#### Stored data entries:
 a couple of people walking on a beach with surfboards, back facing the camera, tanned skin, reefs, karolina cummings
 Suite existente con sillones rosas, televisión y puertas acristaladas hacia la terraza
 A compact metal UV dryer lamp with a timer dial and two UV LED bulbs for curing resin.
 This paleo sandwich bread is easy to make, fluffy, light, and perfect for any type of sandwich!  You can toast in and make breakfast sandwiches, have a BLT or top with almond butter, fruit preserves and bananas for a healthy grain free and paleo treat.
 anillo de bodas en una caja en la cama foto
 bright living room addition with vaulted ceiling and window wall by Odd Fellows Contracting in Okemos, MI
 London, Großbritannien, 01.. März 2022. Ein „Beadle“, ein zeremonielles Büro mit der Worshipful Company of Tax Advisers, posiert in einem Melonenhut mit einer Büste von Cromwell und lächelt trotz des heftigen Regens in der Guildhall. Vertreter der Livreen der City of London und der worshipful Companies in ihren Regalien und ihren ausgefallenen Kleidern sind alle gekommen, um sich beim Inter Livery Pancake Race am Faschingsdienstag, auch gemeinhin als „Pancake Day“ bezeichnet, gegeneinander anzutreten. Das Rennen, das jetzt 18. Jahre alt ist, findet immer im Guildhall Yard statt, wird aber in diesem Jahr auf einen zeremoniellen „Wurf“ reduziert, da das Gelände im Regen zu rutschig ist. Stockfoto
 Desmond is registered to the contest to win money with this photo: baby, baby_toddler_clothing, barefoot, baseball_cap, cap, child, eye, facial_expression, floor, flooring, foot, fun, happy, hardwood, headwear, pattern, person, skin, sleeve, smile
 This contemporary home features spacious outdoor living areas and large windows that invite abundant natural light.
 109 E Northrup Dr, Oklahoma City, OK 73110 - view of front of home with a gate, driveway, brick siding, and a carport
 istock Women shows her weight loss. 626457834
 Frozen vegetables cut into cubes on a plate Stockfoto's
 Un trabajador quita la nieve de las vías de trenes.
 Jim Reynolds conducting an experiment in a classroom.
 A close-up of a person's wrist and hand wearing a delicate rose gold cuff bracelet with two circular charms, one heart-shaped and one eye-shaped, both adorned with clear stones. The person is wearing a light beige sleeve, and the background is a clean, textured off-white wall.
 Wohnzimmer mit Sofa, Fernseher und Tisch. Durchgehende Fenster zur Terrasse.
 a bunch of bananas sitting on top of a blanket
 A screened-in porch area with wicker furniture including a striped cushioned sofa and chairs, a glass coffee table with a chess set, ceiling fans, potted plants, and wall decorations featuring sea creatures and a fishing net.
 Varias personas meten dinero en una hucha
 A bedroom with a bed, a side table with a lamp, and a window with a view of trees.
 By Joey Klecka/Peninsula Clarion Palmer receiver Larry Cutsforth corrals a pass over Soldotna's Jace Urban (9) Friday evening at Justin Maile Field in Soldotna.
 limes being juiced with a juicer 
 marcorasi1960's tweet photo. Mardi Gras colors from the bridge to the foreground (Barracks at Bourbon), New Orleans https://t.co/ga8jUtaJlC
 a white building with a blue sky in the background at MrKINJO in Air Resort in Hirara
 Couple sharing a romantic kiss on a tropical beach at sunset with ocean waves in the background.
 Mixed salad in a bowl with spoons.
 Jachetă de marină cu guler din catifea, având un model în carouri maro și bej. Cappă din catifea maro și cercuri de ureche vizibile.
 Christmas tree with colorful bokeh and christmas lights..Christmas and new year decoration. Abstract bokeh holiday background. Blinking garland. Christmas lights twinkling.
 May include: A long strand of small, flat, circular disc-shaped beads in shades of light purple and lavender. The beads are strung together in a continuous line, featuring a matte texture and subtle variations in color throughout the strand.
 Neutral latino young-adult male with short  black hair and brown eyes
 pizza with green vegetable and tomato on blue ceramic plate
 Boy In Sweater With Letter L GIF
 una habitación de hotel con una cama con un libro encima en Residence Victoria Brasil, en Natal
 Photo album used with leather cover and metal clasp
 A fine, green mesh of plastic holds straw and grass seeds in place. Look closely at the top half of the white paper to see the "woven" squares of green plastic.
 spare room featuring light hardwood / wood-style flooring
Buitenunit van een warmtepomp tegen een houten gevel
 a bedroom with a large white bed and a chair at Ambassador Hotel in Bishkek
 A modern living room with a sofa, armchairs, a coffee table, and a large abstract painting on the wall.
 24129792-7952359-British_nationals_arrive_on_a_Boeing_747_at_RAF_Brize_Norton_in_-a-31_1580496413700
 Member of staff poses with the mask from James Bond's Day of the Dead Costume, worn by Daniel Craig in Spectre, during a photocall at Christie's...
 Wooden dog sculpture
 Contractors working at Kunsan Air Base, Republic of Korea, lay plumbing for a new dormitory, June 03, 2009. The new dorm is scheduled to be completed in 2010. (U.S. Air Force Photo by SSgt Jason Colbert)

#### ABOUT THIS EXERCISE:
Whenever the word "bedroom" shows up in a line of the entries, list that line.

#### EXERCISE SOLUTION:
 A bedroom with a bed, a side table with a lamp, and a window with a view of trees.
 a bedroom with a large white bed and a chair at Ambassador Hotel in Bishkek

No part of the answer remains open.